▸ **Exercise brief**
Set the material down again exactly, line by line, skipping each picture.

▸ **Source material**

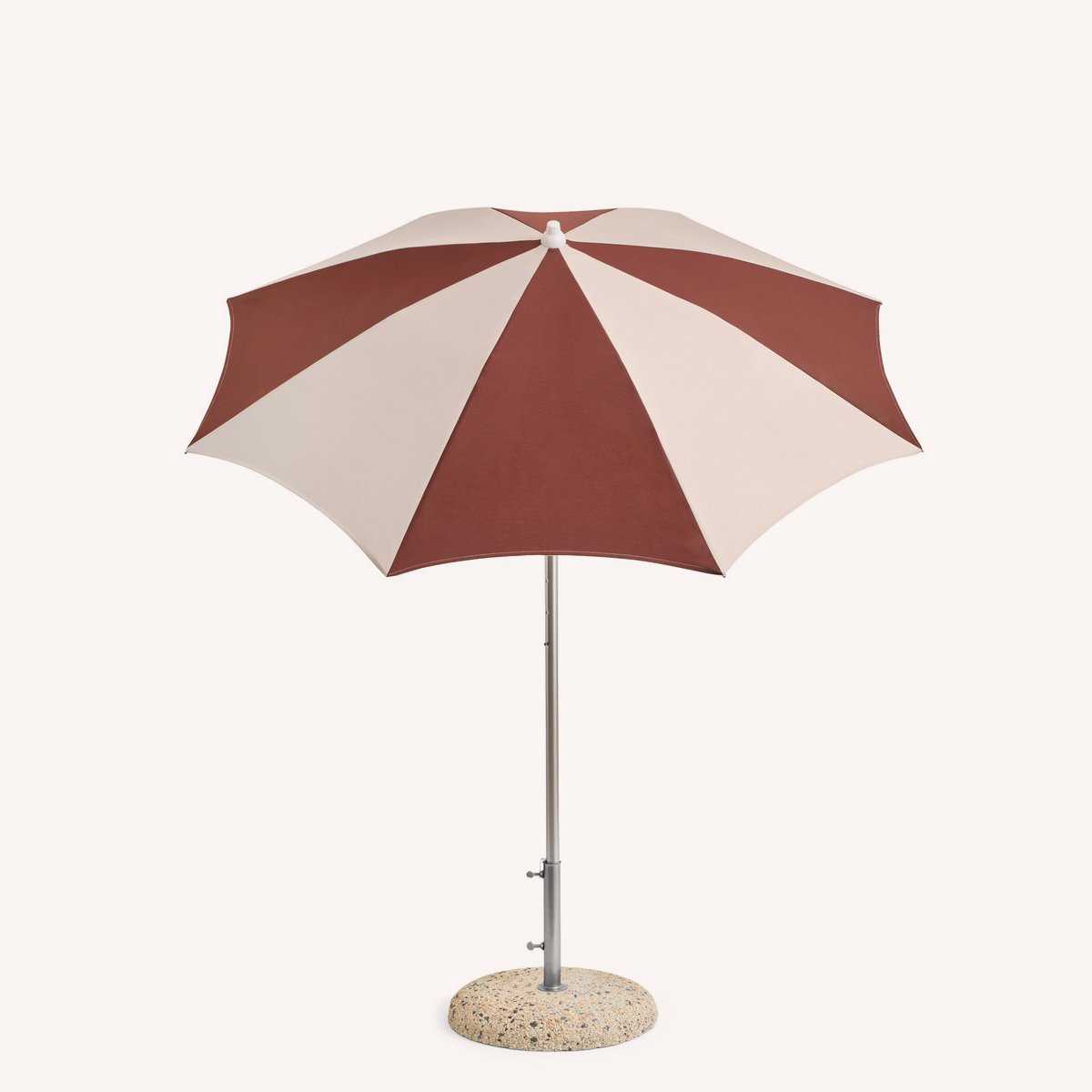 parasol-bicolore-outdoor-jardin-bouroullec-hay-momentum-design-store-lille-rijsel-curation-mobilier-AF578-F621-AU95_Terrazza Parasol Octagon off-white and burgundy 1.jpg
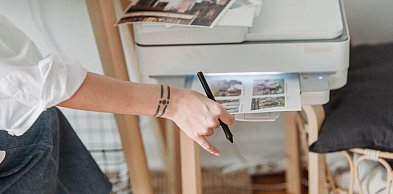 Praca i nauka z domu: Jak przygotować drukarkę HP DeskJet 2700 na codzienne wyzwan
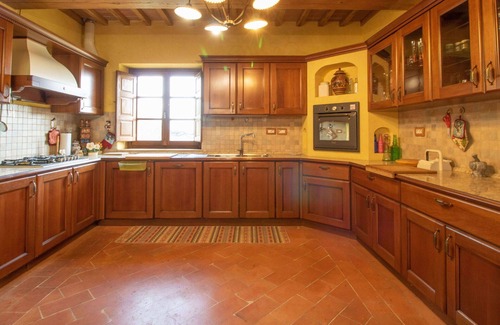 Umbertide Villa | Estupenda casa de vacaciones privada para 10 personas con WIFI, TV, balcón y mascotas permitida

▸ **Result of this task**
 parasol-bicolore-outdoor-jardin-bouroullec-hay-momentum-design-store-lille-rijsel-curation-mobilier-AF578-F621-AU95_Terrazza Parasol Octagon off-white and burgundy 1.jpg
 Praca i nauka z domu: Jak przygotować drukarkę HP DeskJet 2700 na codzienne wyzwan
 Umbertide Villa | Estupenda casa de vacaciones privada para 10 personas con WIFI, TV, balcón y mascotas permitida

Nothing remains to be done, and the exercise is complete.